THE DATA START

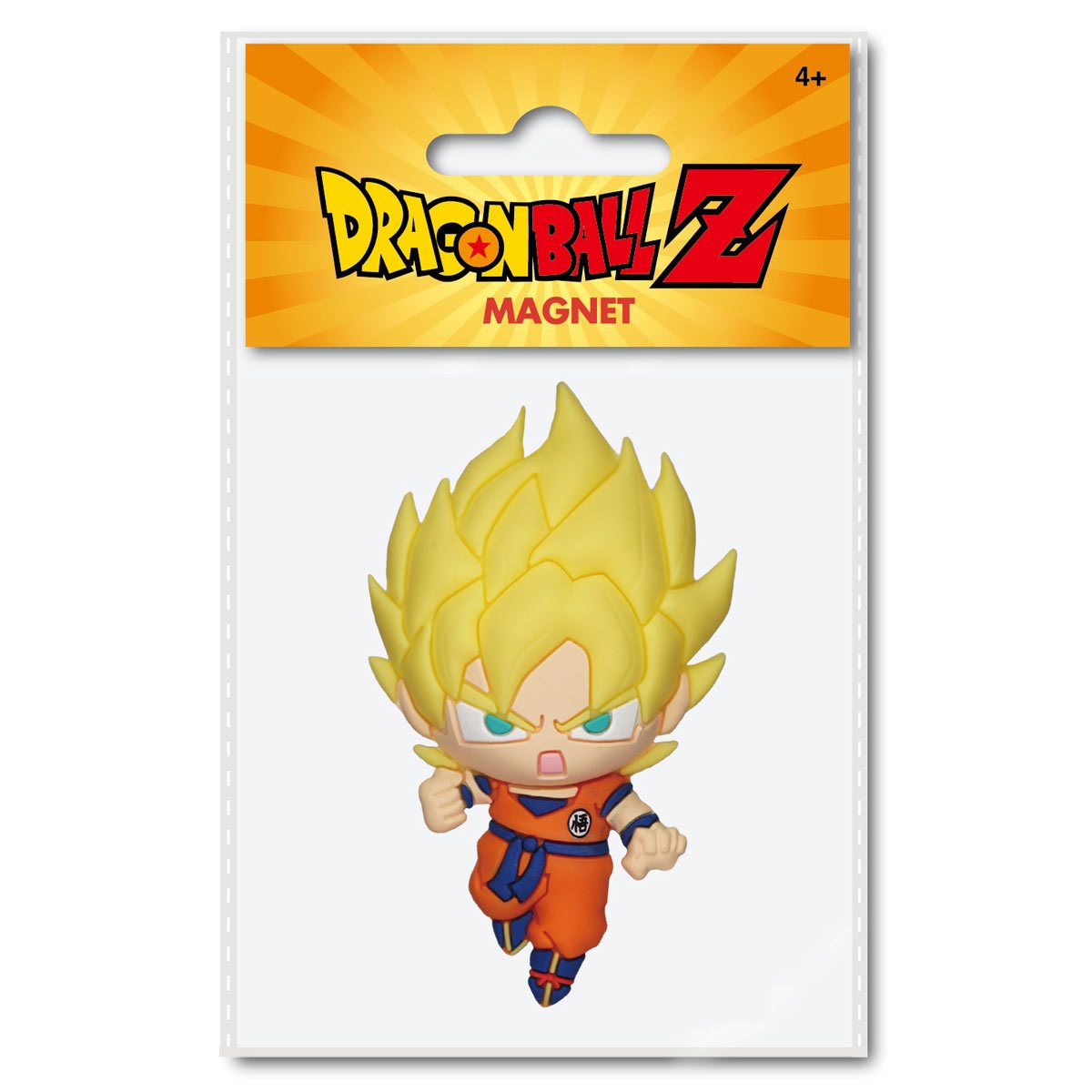 Monogram Iman 3D: Dragon Ball Z - Goku Super Saiyajin
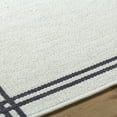 thumbnail image 6 of Livabliss Wool Rugs for Living Room, 8x10 Mardin Cottage Ivory Area Rug, Bedroom Dining Room Home Decor Handmade Carpet (8' x 10'), 6 of 7
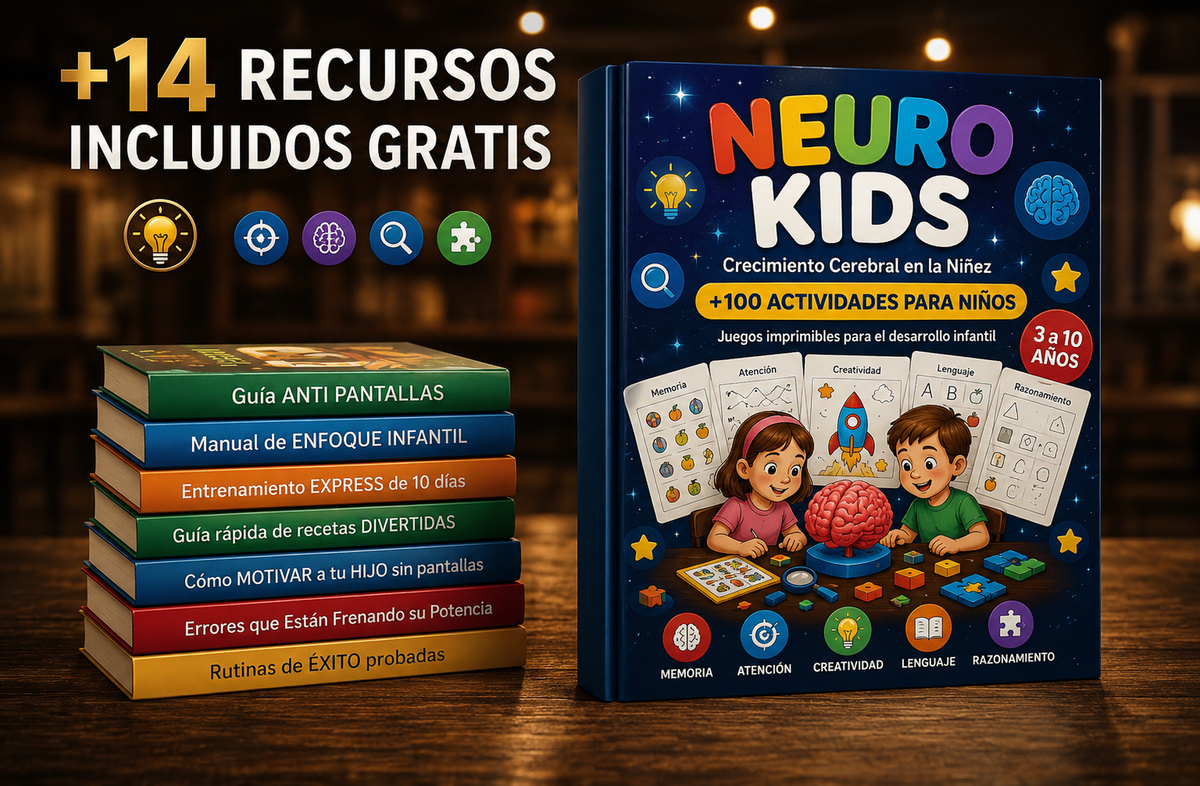 Neuro Kids +14 Recursos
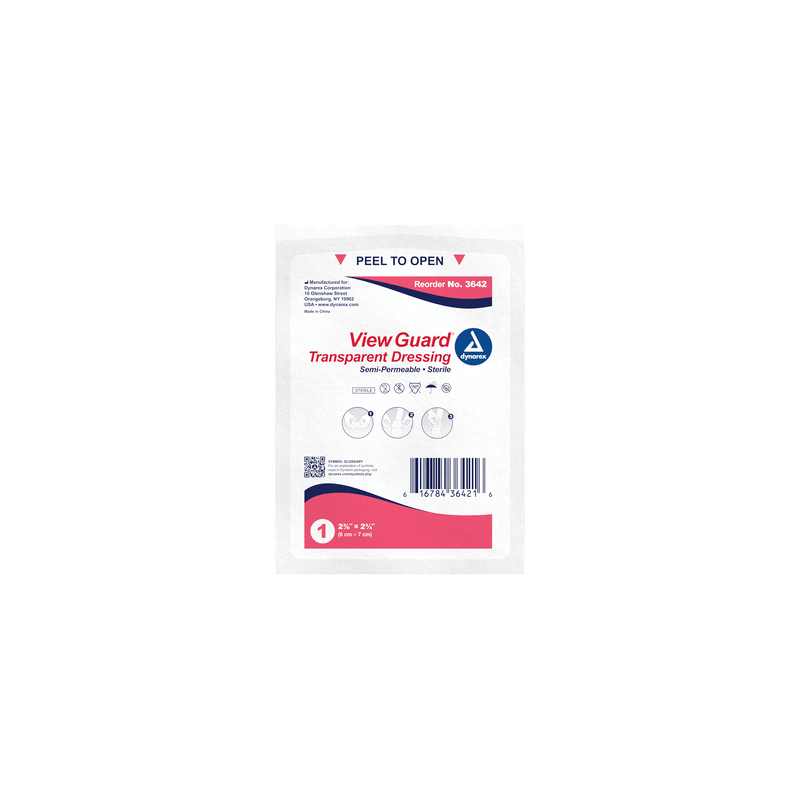 View Guard Transparent Dressings - Sterile 3642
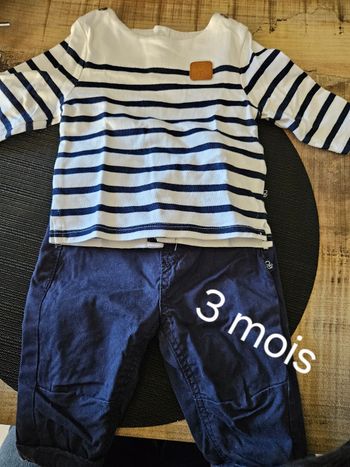 Ensemble pull pantalon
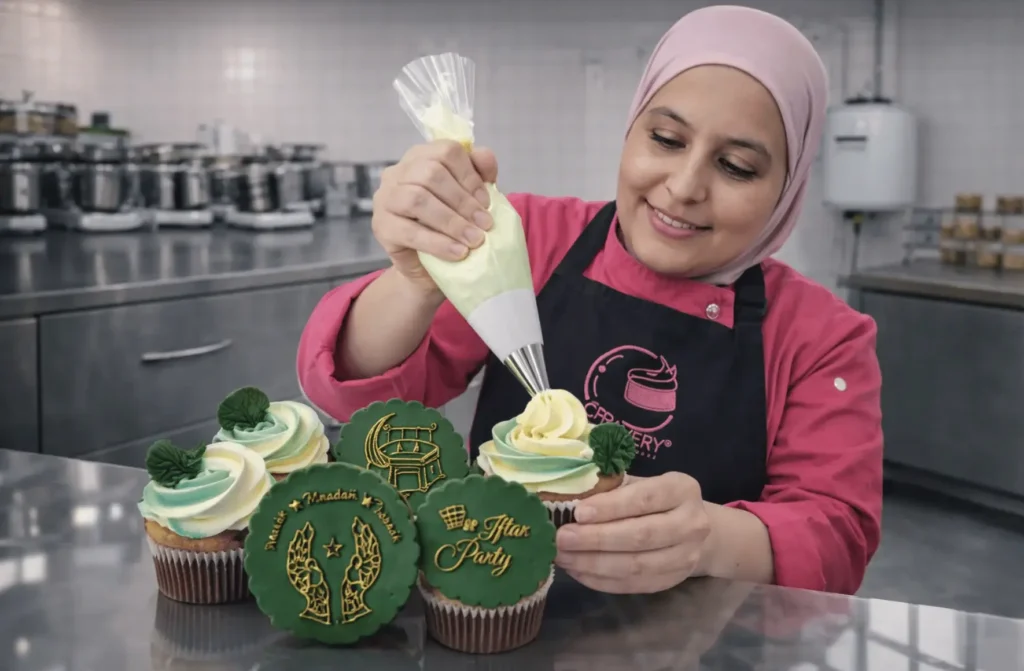 Ramadan and Eid Cupcakes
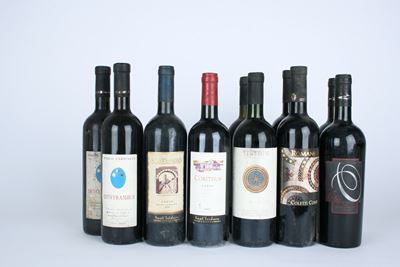 Marco Carpineti, Dithyrambus Lazio Rosso 2004 e Selezione di Vini Rossi 2001-2009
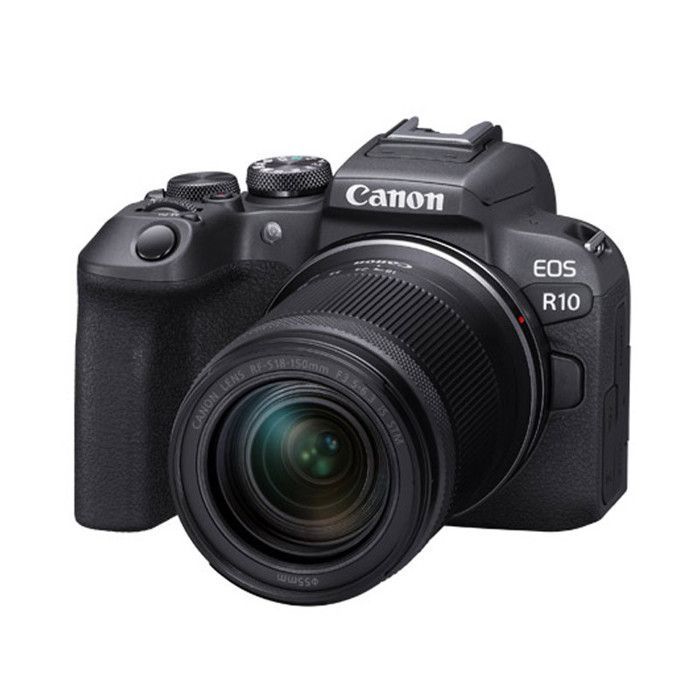 Canon EOS R10 hybrid camera + RF-S 18-150mm f3.5-6.3 IS STM lens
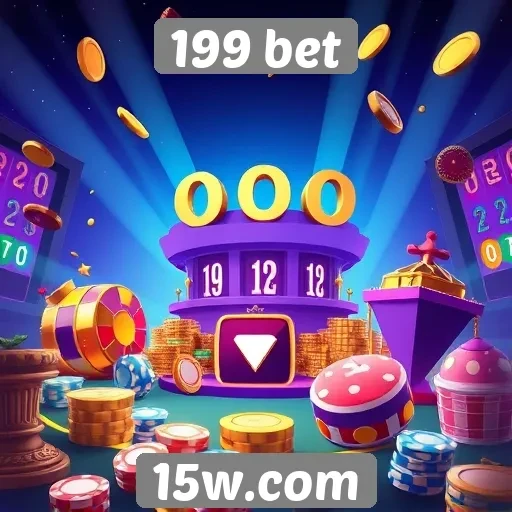 199 bet oferece variedade de jogos de cassino online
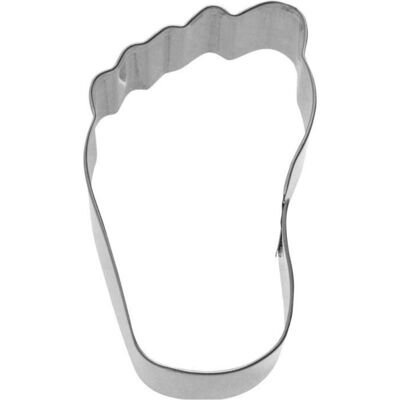 Westmark Ausstechform "Fuss" klein, 6.5 cm, Ausstechformen, Silber Westmark Ausstechform "Fuss" klein, 6.5 cm, Ausstechformen, Silber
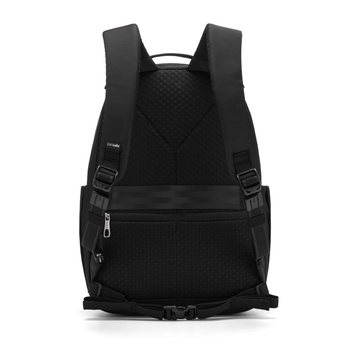 Pacsafe V 16 L anti-theft city backpack - Jet Black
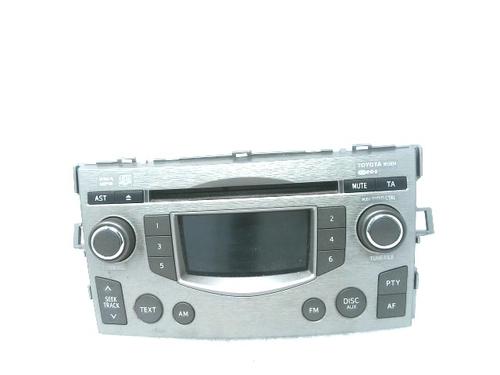 Used Radio TOYOTA VERSO (_R2_) 2.0 D-4D (AUR20_, AUR20R) (126 hp) 24056755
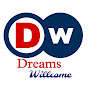 Dreams Willcome  logo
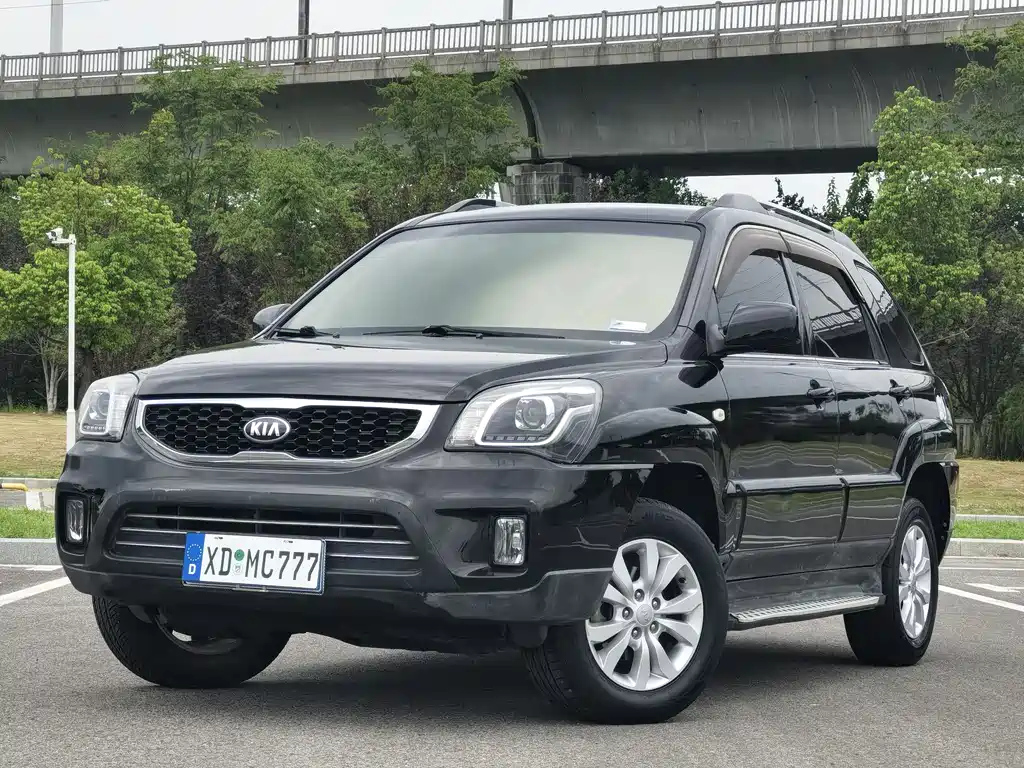 Аукционный лист KIA SPORTAGE 2013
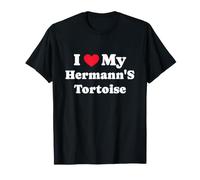 I Love My Hermann's Tortoise Mediterranean Tortoise T-Shirt
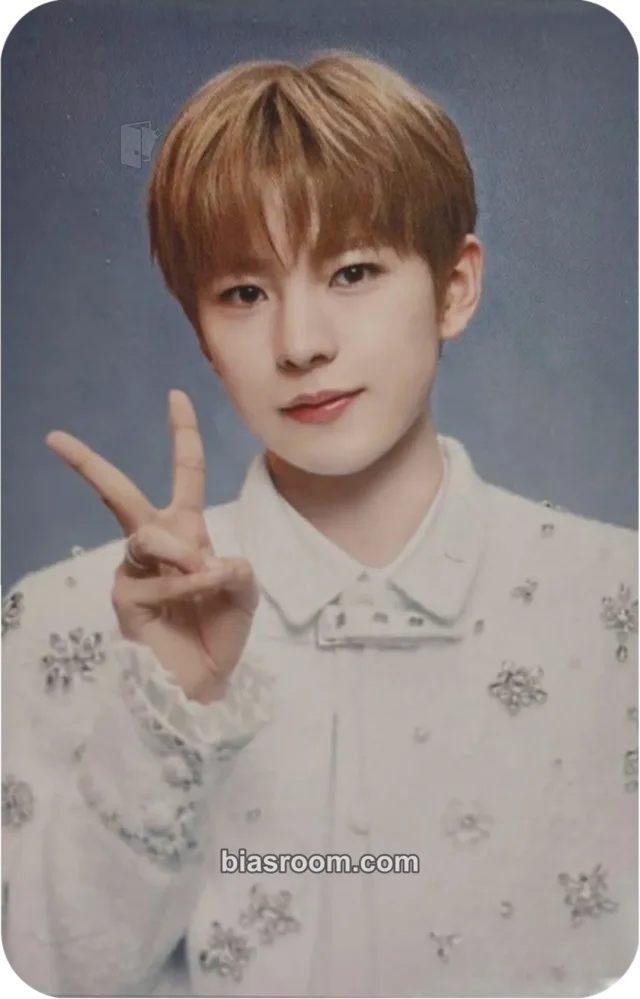 NCT WISH - Yushi - WISHLIST Album weverse global shop (wvg) membership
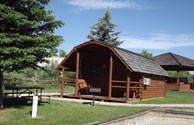 Enjoy our cozy cabins!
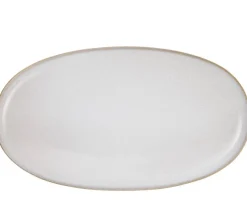 ASA Selection Saisons ovale Platte aus Steinzeug, sandfarben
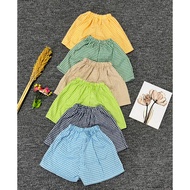 CHILDREN'S CHECKED SHORTS boy shorts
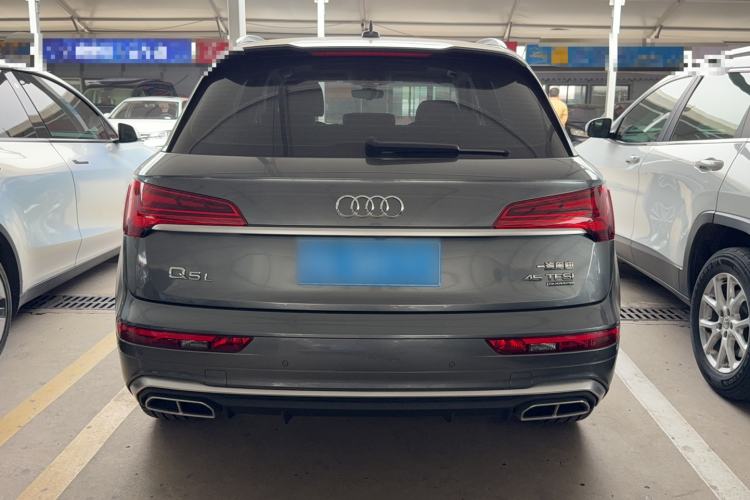 Used Audi Q5L 2022 Updated 40T Luxury Dynamic Edition Rear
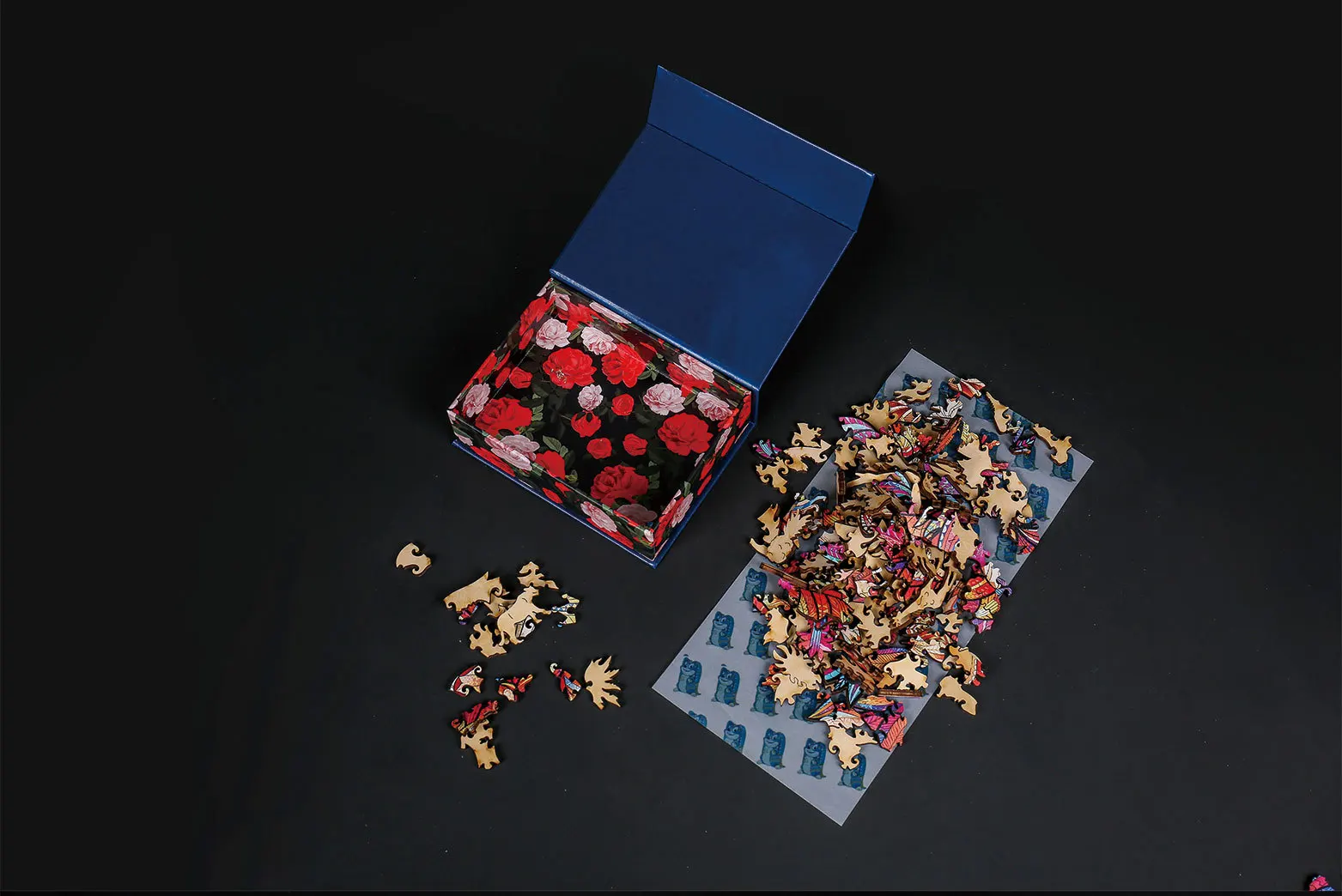 Уникальные деревянные 3d-головоломки в виде животных пазлы-панды с затруднением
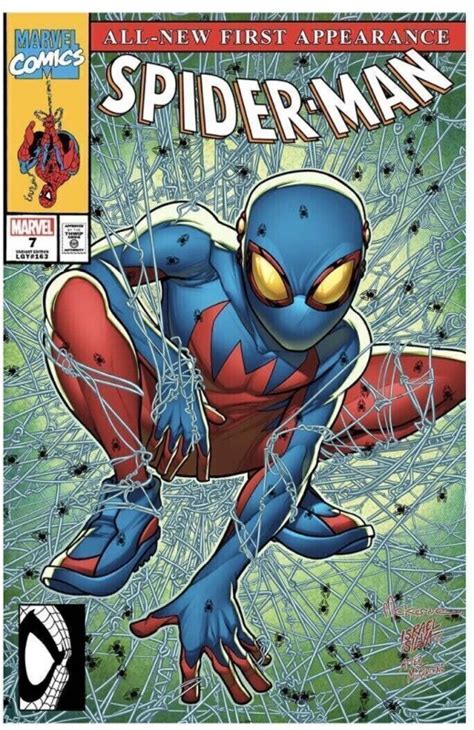 Spider Man 7 2023 KEY 1st APP Of Spider Boy Rare Variant Very LOW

THE DATA END

**PROBLEM DETAILS:** Extract from the material above the stretch running from the line containing "thumbnail image 6" through the line containing "199 bet oferece". Keep the text exact and the pictures out.

**OUTPUT OF THE TASK:**
 thumbnail image 6 of Livabliss Wool Rugs for Living Room, 8x10 Mardin Cottage Ivory Area Rug, Bedroom Dining Room Home Decor Handmade Carpet (8' x 10'), 6 of 7
 Neuro Kids +14 Recursos
 View Guard Transparent Dressings - Sterile 3642
 Ensemble pull pantalon
 Ramadan and Eid Cupcakes
 Marco Carpineti, Dithyrambus Lazio Rosso 2004 e Selezione di Vini Rossi 2001-2009
 Canon EOS R10 hybrid camera + RF-S 18-150mm f3.5-6.3 IS STM lens
 199 bet oferece variedade de jogos de cassino online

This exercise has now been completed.